Blood borne viruses
From WardWiki - Foundation Doctor Helper
Blood borne viruses are important in foundation medicine both for one's own safety as well as that of the patient. Please ensure familiarity with trust occupational health advice and seek at no point to participate in exposure prone procedures without clearance from OH department. Doing so will question the character of the doctor and any litigation resulting from such a procedure will almost ceretainly be outside crown immunity - DO NOT SHORTCUT STANDARD SAFETY PROCEDURES FOR PERSONAL OR CAREER GAIN.
All viruses may technically be blood borne, the term is limited in medicine to the following:
- Human Immunodeficiency Virus Types I and II
- Human T-lymphotrophic virus
- Hepatitis B Virus
- Hepatitis C Virus
- Hepatitis D Virus
Special consideration should be given to immunosupressed patients in regard to cytomegalovirus. This can cause serious illness in such patients. Learn if possible if such a patient has previously been exposed to the virus when considering infusing blood products or when listing for bone marrow transplantation or solid organ transplantation.
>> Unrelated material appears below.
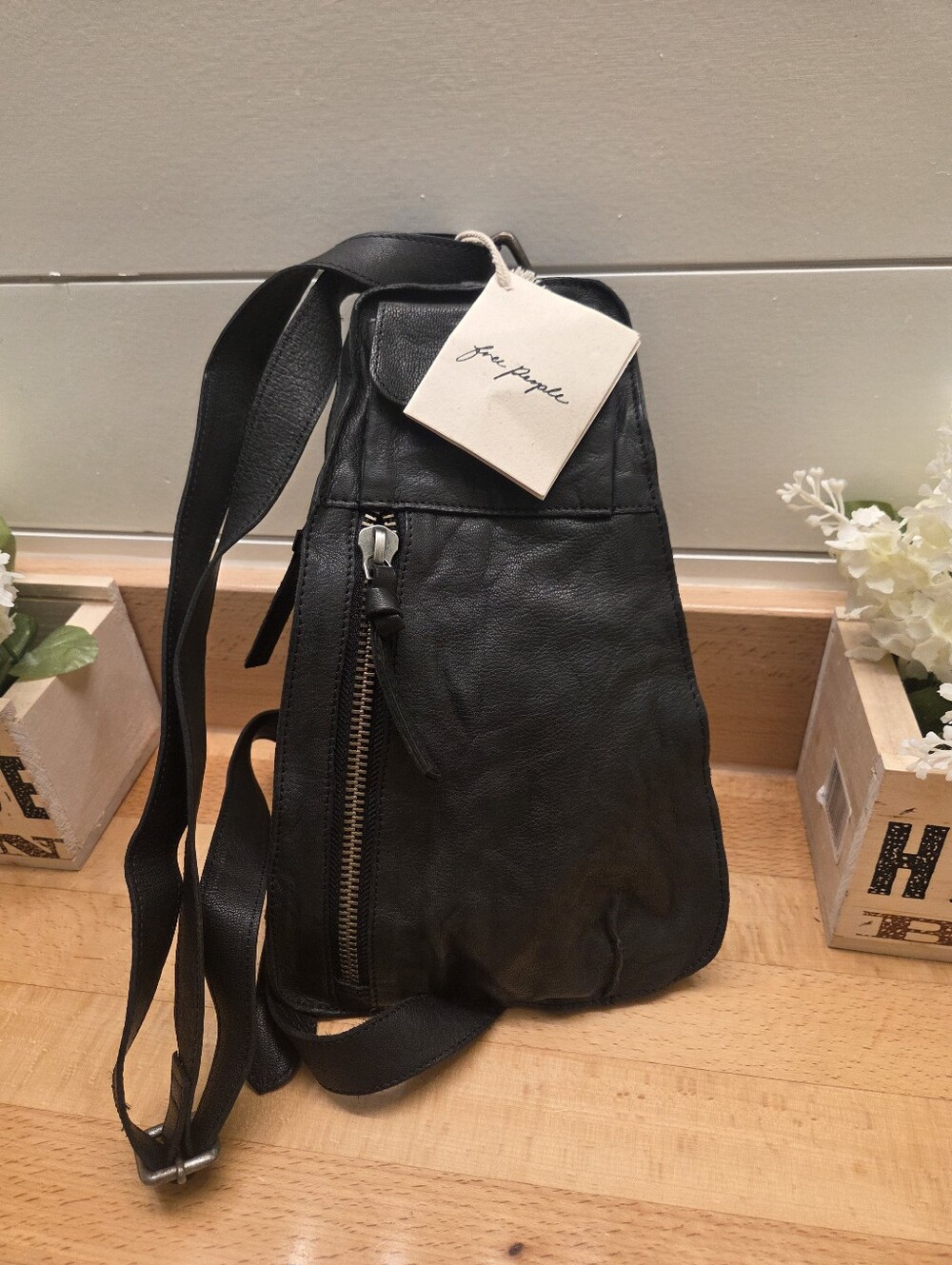 Free People Jagger Leather Sling Bag Black Crossbody Purse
Do NOT transmit CMV to any patient immunosuppressed either by medications or those that may soon be. Those likely to immunosuppressed in the near future are those awaiting organ transplantation or chemotherapy. High risk chemotherapy agents have been given as fludarabine or cladrabine but it is best to obtain a haematology team referral whenever in doubt as the results of not doing can be disastrous.
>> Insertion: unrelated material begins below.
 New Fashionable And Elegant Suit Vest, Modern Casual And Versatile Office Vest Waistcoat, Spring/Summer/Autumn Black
If such advice is not forthcoming then ordering CMV negative blood is safer than risking tranmission; it also acts as a useful trigger for advice as someone must sanction CMV negative blood.
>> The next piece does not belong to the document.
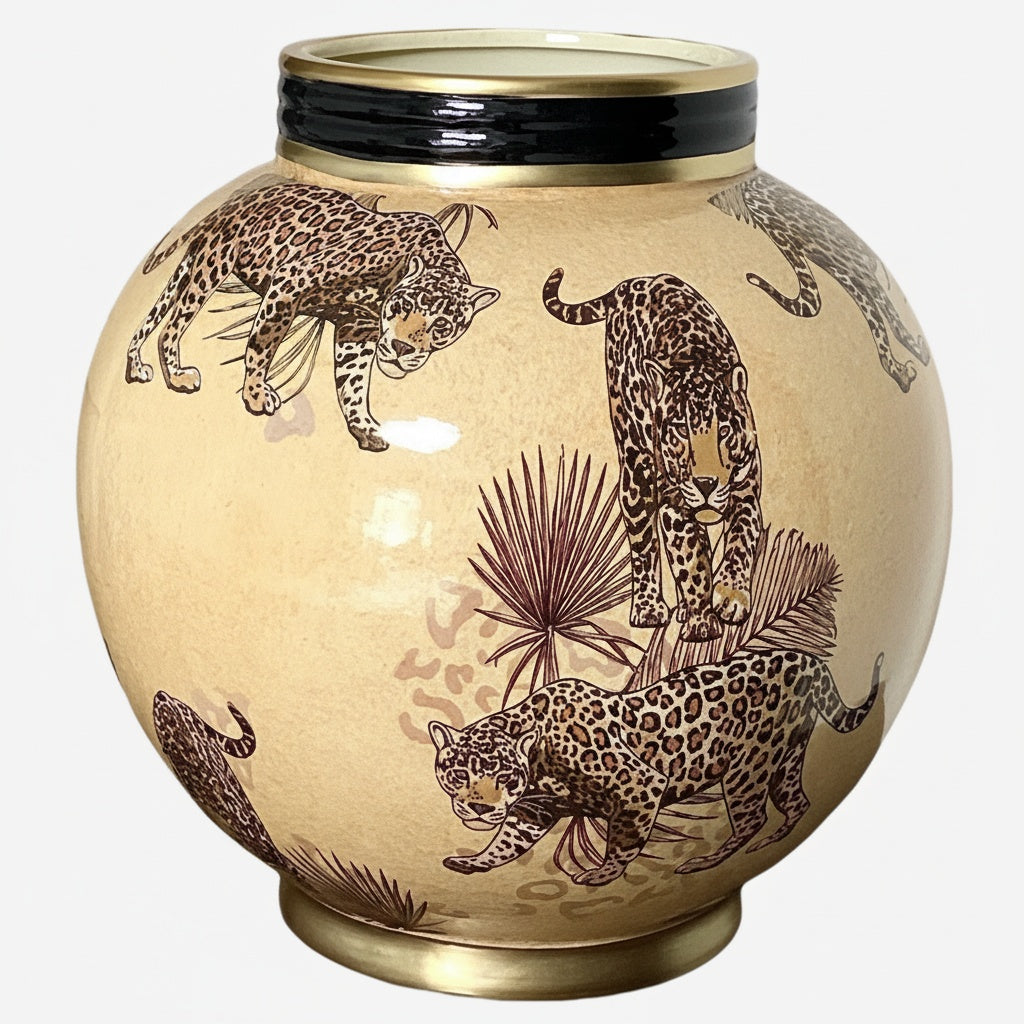 Full view of leopard print vase on white background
If you pierce, or puncture, your skin with a used needle, you need first aid straightaway. You should:
- Encourage the wound to bleed, ideally by holding it under running water
- Wash the wound using running water and plenty of soap
- Dry the wound, and cover it with a waterproof plaster, or dressing.
Do not scrub the wound while you’re washing it, and do not suck the wound. In the hospital you must contact occupational health. They may test the patient for blood borne viruses but on no account should the injured party attempt to do this as this can be seen as coercive and unethical. The patient is under no legal obligation to comply under UK law.
Post exposure prophylaxis will be considered by the occupational health department.
- Washing hands after contact with each patient
- Washing hands after handling blood, or body fluids
- Always wearing disposable gloves when working with blood or body fluids
- Protecting your eyes, by wearing a visor, goggles, or safety spectacles
- Covering any cuts with waterproof plasters, anddisposing of used needles and sharps safely.